Brief: Quote the data below in full, minus the images.

++++

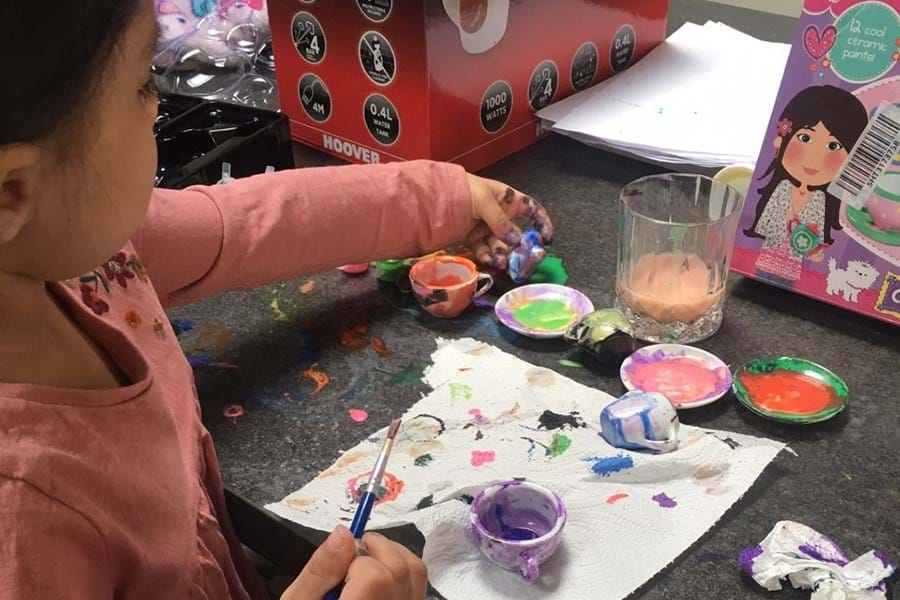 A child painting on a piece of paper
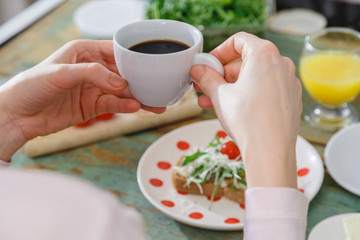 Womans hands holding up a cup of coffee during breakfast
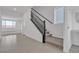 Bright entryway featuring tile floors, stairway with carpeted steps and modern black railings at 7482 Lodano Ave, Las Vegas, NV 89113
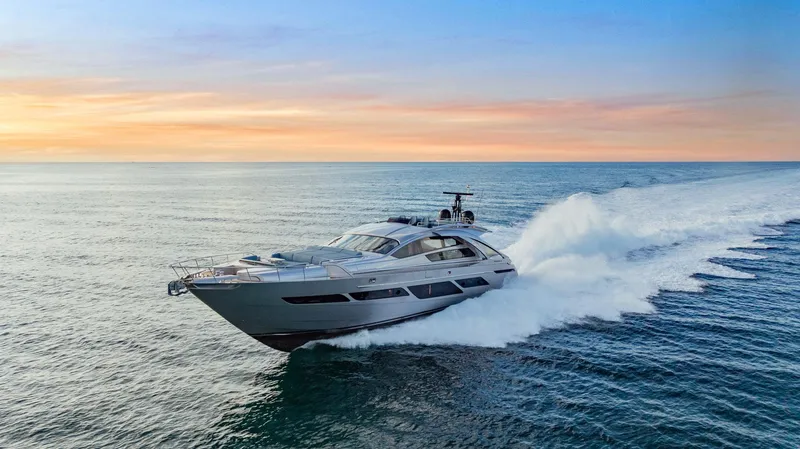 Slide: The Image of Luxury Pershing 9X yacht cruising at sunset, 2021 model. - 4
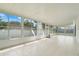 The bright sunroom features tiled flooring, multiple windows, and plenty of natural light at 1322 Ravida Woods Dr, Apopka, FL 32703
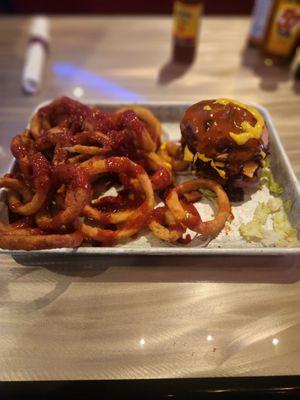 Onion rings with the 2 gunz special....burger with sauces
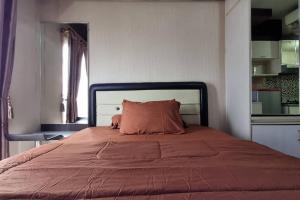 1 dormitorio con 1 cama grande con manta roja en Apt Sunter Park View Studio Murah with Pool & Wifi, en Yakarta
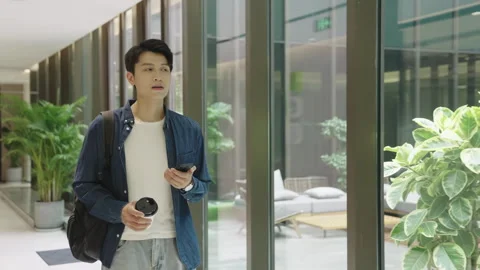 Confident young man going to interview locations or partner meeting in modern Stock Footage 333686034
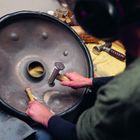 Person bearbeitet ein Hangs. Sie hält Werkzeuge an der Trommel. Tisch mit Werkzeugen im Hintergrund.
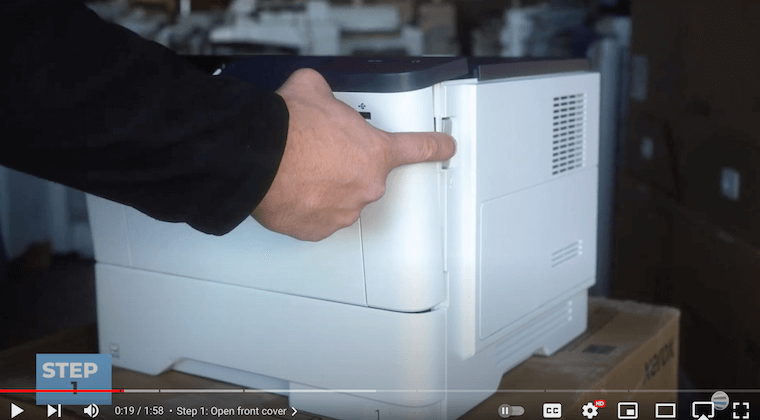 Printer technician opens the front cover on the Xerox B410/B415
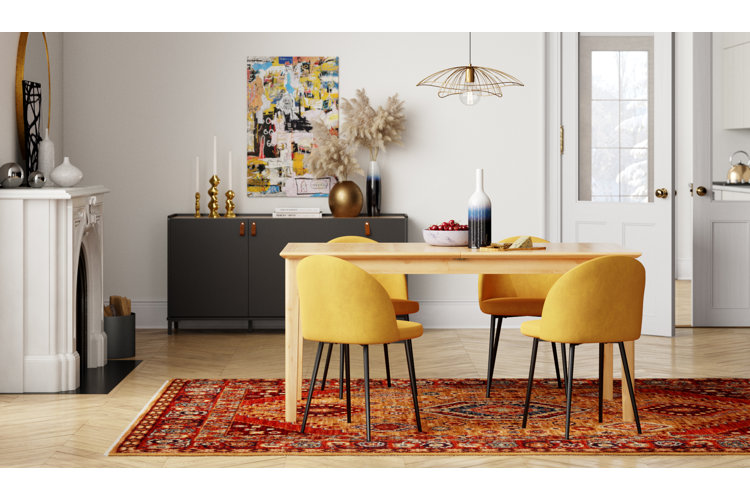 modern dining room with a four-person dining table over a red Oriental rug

++++

Written answer:
 A child painting on a piece of paper
 Womans hands holding up a cup of coffee during breakfast
 Bright entryway featuring tile floors, stairway with carpeted steps and modern black railings at 7482 Lodano Ave, Las Vegas, NV 89113
 Slide: The Image of Luxury Pershing 9X yacht cruising at sunset, 2021 model. - 4
 The bright sunroom features tiled flooring, multiple windows, and plenty of natural light at 1322 Ravida Woods Dr, Apopka, FL 32703
 Onion rings with the 2 gunz special....burger with sauces
 1 dormitorio con 1 cama grande con manta roja en Apt Sunter Park View Studio Murah with Pool & Wifi, en Yakarta
 Confident young man going to interview locations or partner meeting in modern Stock Footage 333686034
 Person bearbeitet ein Hangs. Sie hält Werkzeuge an der Trommel. Tisch mit Werkzeugen im Hintergrund.
 Printer technician opens the front cover on the Xerox B410/B415
 modern dining room with a four-person dining table over a red Oriental rug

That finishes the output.